Mas algo se torna claramente necessário ser mais bem apurado: o rombo que a gestão privada deu na TAP, sintetizada pelo deputado do PCP na pergunta que colocou aos três inquiridos de ontem: «Em 2015, 61% da TAP foram vendidos por 10 milhões de euros. Seguem-se quatro anos de gestão privada, com tudo o que já fomos conhecendo neste inquérito. Com a pandemia, os privados abandonam a TAP para não a capitalizarem. A Comissão Europeia (CE) faz então as contas: a pandemia custou à TAP 640,5 milhões de euros. Nem mais um tostão. Para qualquer outro apoio, a CE exige uma reestruturação. É feita a reestruturação para injectar mais 2,6 mil milhões de euros que faziam falta na TAP. Só vemos três opções: as contas da CE foram feitas por baixo; nos quatro anos de gestão privada foi aberto um buraco gigantesco nas contas da TAP; ambas as hipóteses são verdadeiras.»
Raciocínio que nenhum dos três inquiridos soube ou quis contrariar, sendo que estamos a falar de três administradores da Parpública, accionista da TAP, com a maioria das participações do Estado até o final de 2021.
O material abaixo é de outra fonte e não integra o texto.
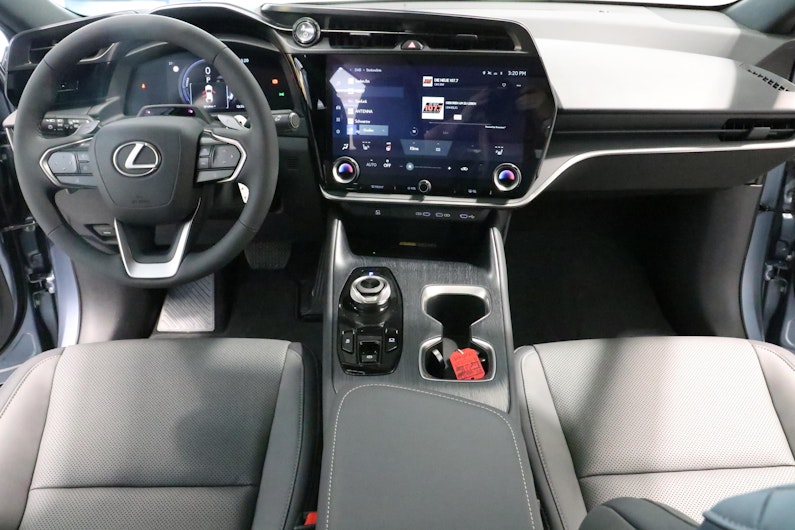 Vehicle image LEXUS RZ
De resto, as três inquirições deram um triste retrato do funcionamento da Parpública. Por exemplo, nenhum dos três administradores, sendo um deles o actual presidente da Parpública, teve alguma vez conhecimento dos fundos Airbus, ou seja, da forma como a TAP foi comprada com dinheiro da própria empresa, no fundo, como a TAP foi oferecida a David Neeleman pelo governo PSD/CDS. Como Bruno Dias destacou, a questão não aparece referida na Auditoria do Tribunal de Contas à privatização (o PCP já chamou o juiz relator à CPI), nem em nenhum relatório e contas da Parpública e nunca foi discutida pela sua administração. Uma questão central da privatização foi escondida do povo português e da maioria dos próprios intervenientes no processo. Todos admitiram que, quando muito, a questão pudesse ser conhecida pelos presidentes da Parpública na altura, Pedro Pinto e Miguel Cruz, que ainda serão ouvidos pela CPI. E, claro, estar em algum papel, enterrado algures na Parpública. Transparente, sem dúvida.
O mesmo se passou com os 55 milhões pagos a David Neeleman. Ninguém foi capaz de explicar porque foram pagos 55 milhões, e não 15, ou 75, ou 200, ou zero, como aconteceu aos trabalhadores cujas acções foram para o lixo, ou como terá acontecido ao capital de Humberto Pedrosa, apesar de ser pouco claro que capital colocou e perdeu na TAP ou se chegou a colocar algum capital. Aliás, se o capital que Neeleman colocou na TAP tinha origem nos fundos Airbus, que a TAP estava e está a pagar na compra dos 53 aviões, o que é que o Governo comprou por 55 milhões?
A única matéria onde a Parpública, segundo o seu actual presidente, fez gala de ter um papel mais central, foi no pagamento a caçadores de cabeças americanos para fazerem pequenas listas de nomes para o Governo escolher os administradores públicos a nomear. Sendo público que só a pequena lista de onde saiu o nome de Christine Ourmières-Widener custou 186 mil euros à Parpública, e tendo ontem esta reconhecido que utilizou esse mecanismo em outras situações, falamos de cerca de um milhão de euros em processos de recrutamento de gestores públicos completamente à margem do normal funcionamento do sector público e que importa que não se generalizem.